The copy should hold exactly the lines below from the one that contains "If you add in" through the one that contains "All attendees will" and nothing else, so no pictures.

Available data -
------

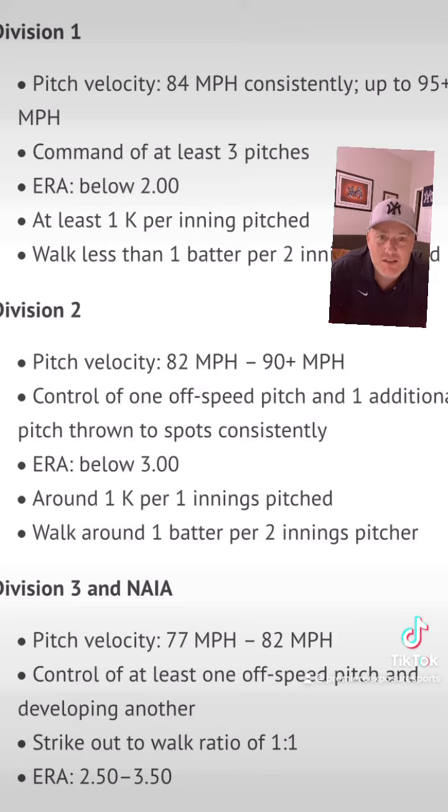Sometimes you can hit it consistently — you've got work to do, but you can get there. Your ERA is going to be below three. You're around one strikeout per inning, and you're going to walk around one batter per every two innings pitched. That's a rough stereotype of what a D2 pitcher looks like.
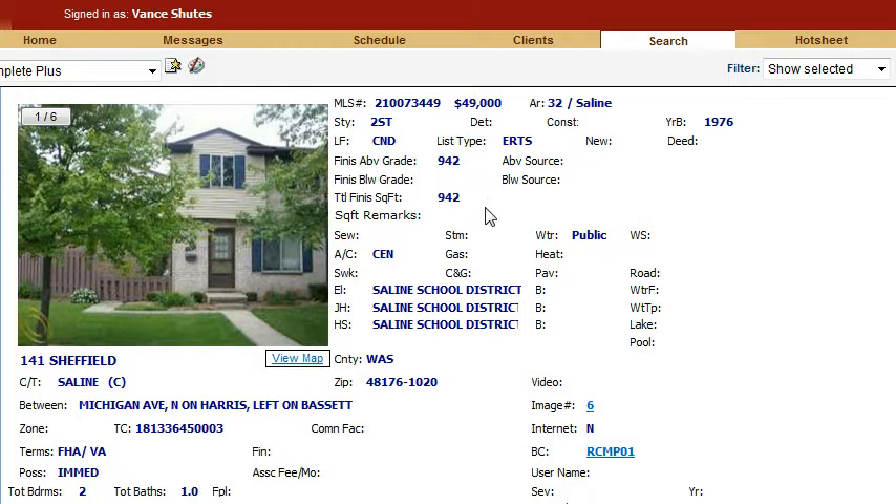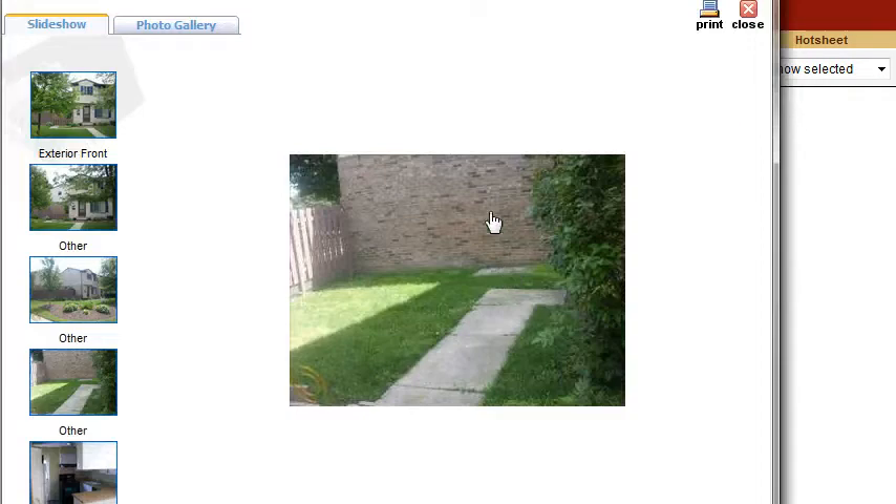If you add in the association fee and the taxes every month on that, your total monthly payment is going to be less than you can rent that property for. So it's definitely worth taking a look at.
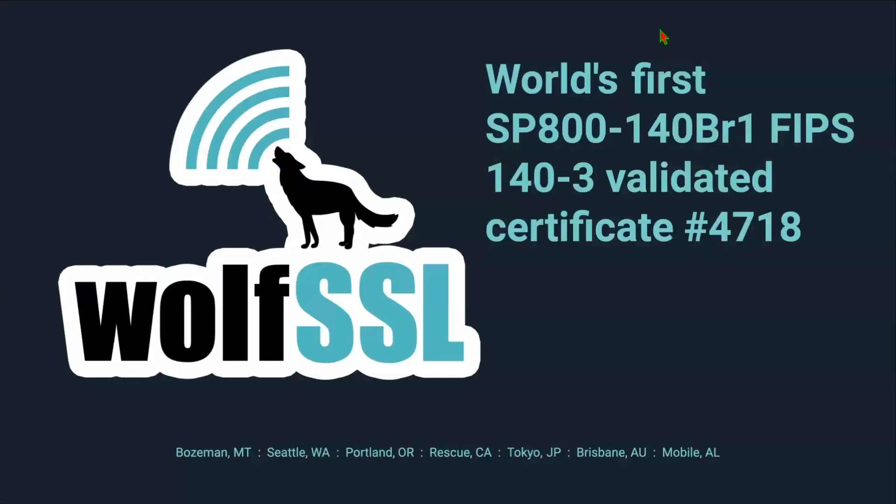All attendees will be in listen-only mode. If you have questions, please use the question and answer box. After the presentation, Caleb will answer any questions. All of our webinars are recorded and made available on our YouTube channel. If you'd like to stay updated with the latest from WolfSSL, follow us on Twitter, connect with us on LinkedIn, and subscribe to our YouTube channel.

------

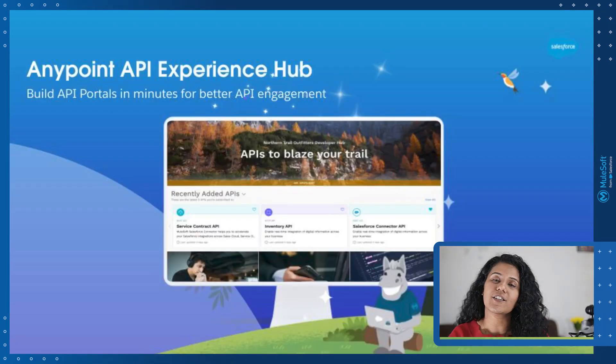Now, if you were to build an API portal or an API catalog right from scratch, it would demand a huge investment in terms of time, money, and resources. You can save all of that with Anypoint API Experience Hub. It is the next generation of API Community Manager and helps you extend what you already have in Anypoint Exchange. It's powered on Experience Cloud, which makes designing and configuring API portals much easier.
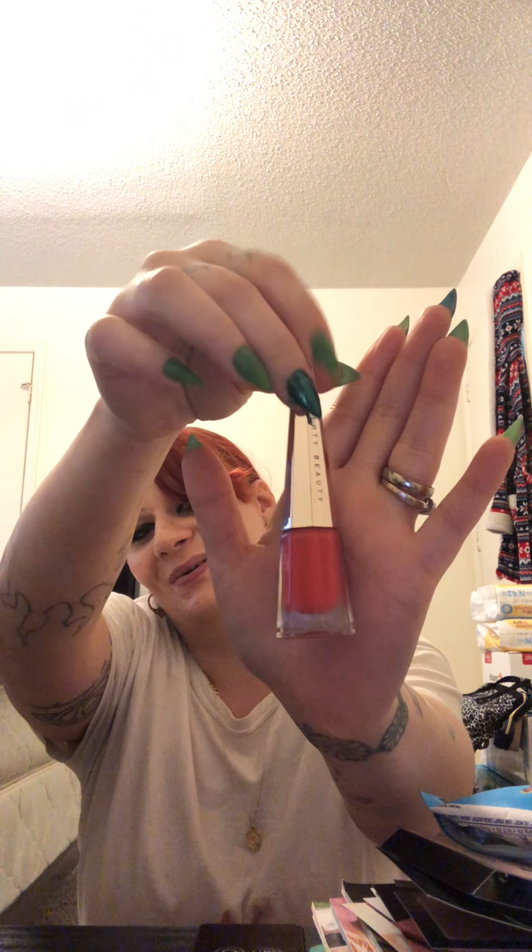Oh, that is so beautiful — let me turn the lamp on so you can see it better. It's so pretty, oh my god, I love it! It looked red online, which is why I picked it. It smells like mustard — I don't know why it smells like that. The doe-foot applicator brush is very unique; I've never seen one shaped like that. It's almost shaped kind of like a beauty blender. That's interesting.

------

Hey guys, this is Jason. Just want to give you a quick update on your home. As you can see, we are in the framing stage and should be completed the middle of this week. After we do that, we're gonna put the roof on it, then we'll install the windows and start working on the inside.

------

Result -
If you add in the association fee and the taxes every month on that, your total monthly payment is going to be less than you can rent that property for. So it's definitely worth taking a look at.
All attendees will be in listen-only mode. If you have questions, please use the question and answer box. After the presentation, Caleb will answer any questions. All of our webinars are recorded and made available on our YouTube channel. If you'd like to stay updated with the latest from WolfSSL, follow us on Twitter, connect with us on LinkedIn, and subscribe to our YouTube channel.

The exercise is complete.